Re: 1" headset threading, help me clear up the mess in my head

Post by DiTBho »

Brucey wrote: 15 May 2024, 4:59pm if you look on the 'cyclebasket' website it shows what I think is tange-seiki's interpretation of the ISO 1" headset standard. It clearly says 30.0 mm for the cups.
Yup, seen here, and it made confused because EC30 should have 30.2mm for the cup as "measured diamester" on the cup.

According to the above table, there are "interpretation", and Tange's one reports 30.0mm, which is different from what Sheldom reports, and here there is a lot of confusion and contradiction.

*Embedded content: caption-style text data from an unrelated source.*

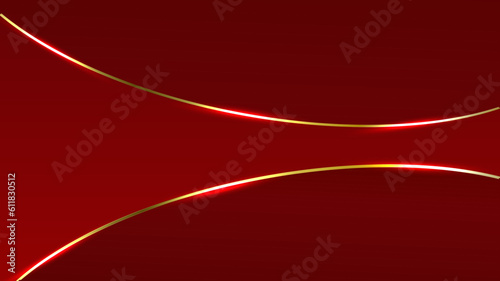 Abstract red and gold luxury shapes on background.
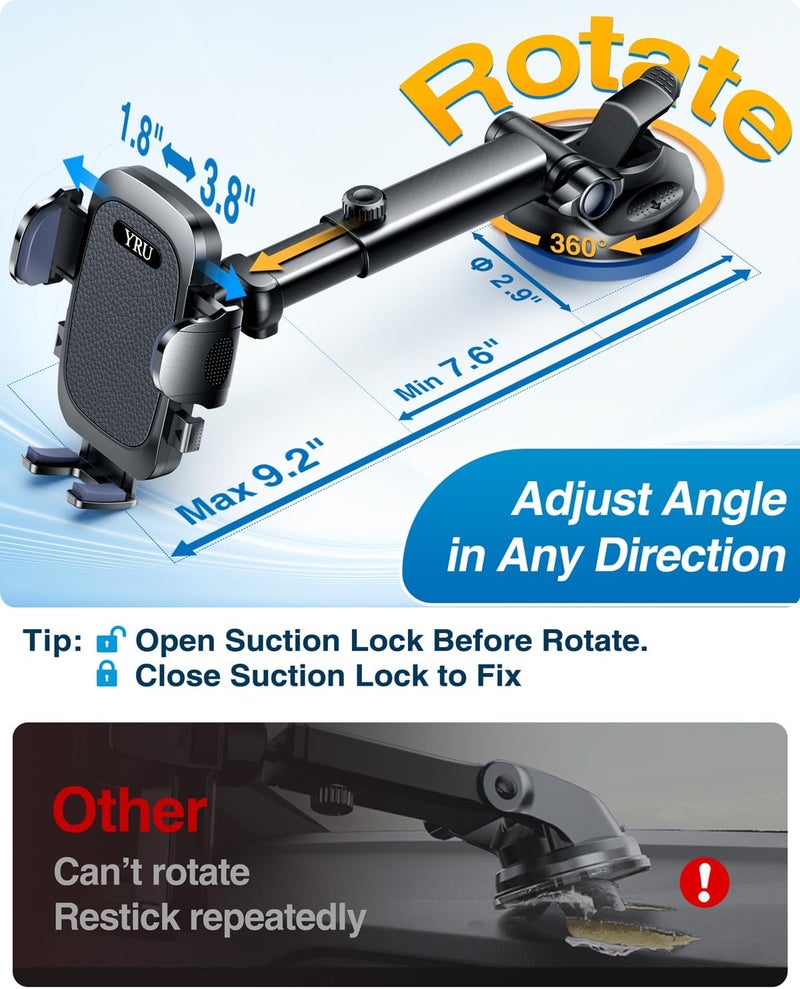 YRU True Military-Grade [360° Rotation Suction] 2025 Ultimate Car Phone Holder Mount 【90+LBS Safest Strongest & Patent Certs】 Dashboard Windshield Vent for iPhone 17 16 Pro Max Samsung, Matt Black - Image 4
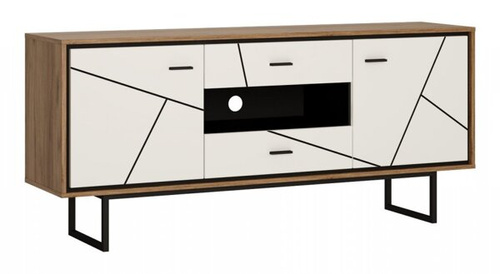 Brolo BROK01 - Komoda RTV 2D2S Dąb Catania/Czarna Perła/Biała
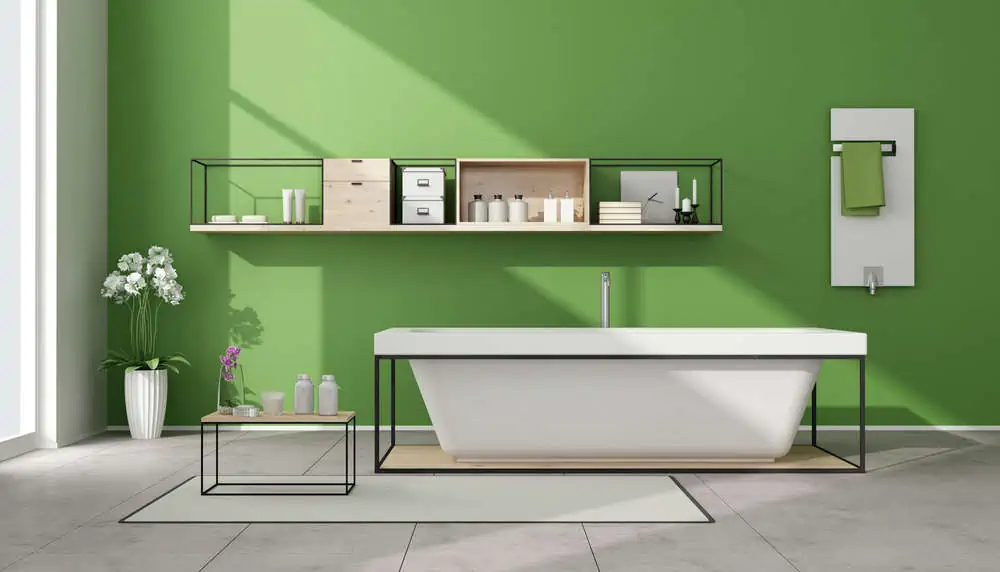 Minimalist green bathroom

EC30 should be ISO to avoid interpretation, but then from company to company ISO has interpretations?!?
W___T___F___?___!___?
Brucey wrote: 15 May 2024, 4:59pm Any time I have a headset that is a slack fit, the epoxy resin comes out. In fact I think all headsets should be a sliding fit or worse, then bonded into place using adhesive. This way the headset can always be fitted without stress (or preload if required).
I've always wondered:
  • how to remove the headset fixed with resin in that case? With what chemical product and mechanical process?
  • why not use the same technology with which the bottom bracket is made, i.e. thread the inside of the headtube both above and below, and both the cups of the headset? In this way no interference would be needed, and disassembly would be much more practical.
  • why not use a temperature gap of 50 degrees and exploit the thermal expansion of metals? e.g. placing both the cups in the freezer at -10C, and heating the head tube to 40 degrees with a heater. This way you wouldn't need tons of pressure for the press. The cups would fit almost as if there wasn't even interference, and once at room temperature they would be fixed.
DiTBho
Posts: 39
Joined: 27 Aug 2023, 4:33pm

Re: 1" headset threading, help me clear up the mess in my head

Post by DiTBho »

Brucey wrote: 15 May 2024, 4:59pm I think all headsets should be a sliding fit or worse, then bonded into place using adhesive. This way the headset can always be fitted without stress (or preload if required).
Do you think this is a preblem for "thin" 80s headtube titanium design like in SpeedWell Titalite?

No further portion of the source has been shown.